- **WHAT YOU HAVE TO DO**
Search the entries for the word "image". Copy every line where it turns up.

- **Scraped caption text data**
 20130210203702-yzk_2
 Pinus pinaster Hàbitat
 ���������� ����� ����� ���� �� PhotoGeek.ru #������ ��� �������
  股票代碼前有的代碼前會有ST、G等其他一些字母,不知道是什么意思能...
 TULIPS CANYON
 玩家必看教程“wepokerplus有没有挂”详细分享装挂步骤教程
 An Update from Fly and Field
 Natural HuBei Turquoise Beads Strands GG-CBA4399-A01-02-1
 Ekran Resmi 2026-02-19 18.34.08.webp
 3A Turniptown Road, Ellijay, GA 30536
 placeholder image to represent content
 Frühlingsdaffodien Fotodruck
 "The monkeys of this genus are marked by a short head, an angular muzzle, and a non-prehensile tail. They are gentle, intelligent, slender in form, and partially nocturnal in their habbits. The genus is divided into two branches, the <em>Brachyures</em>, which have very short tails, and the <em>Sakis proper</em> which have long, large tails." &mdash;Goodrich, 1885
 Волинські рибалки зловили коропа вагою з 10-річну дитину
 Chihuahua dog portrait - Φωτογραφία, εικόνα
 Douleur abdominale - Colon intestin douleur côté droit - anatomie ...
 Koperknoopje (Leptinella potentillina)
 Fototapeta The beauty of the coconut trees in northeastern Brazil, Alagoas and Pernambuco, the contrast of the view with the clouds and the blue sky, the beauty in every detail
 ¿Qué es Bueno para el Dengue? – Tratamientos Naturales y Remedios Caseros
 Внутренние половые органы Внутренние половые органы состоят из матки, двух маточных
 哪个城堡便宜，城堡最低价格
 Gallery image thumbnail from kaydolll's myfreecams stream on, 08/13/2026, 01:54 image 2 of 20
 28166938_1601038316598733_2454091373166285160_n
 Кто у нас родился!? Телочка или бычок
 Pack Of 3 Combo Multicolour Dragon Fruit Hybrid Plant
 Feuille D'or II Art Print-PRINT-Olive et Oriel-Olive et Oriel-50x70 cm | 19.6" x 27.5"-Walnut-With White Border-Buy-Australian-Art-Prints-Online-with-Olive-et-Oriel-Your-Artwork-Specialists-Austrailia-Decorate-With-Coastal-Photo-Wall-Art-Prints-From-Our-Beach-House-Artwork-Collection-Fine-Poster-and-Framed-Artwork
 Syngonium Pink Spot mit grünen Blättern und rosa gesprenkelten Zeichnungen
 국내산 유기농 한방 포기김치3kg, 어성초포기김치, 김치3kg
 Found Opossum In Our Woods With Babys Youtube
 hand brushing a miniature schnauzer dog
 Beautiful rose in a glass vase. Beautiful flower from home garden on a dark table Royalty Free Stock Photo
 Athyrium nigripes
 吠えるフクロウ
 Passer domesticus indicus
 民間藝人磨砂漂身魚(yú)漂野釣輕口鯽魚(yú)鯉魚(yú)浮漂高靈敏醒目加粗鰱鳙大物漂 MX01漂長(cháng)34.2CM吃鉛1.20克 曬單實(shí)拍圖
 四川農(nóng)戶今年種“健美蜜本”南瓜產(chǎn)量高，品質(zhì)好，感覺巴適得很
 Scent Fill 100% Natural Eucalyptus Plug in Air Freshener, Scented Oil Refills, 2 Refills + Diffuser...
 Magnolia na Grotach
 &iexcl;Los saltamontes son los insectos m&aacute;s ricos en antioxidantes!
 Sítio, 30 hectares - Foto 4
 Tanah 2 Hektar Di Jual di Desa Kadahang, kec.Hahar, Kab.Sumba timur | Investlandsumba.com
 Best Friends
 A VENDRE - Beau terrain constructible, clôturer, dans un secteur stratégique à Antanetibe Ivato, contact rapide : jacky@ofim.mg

- **OUTPUT OF THE TASK**
 placeholder image to represent content
 Gallery image thumbnail from kaydolll's myfreecams stream on, 08/13/2026, 01:54 image 2 of 20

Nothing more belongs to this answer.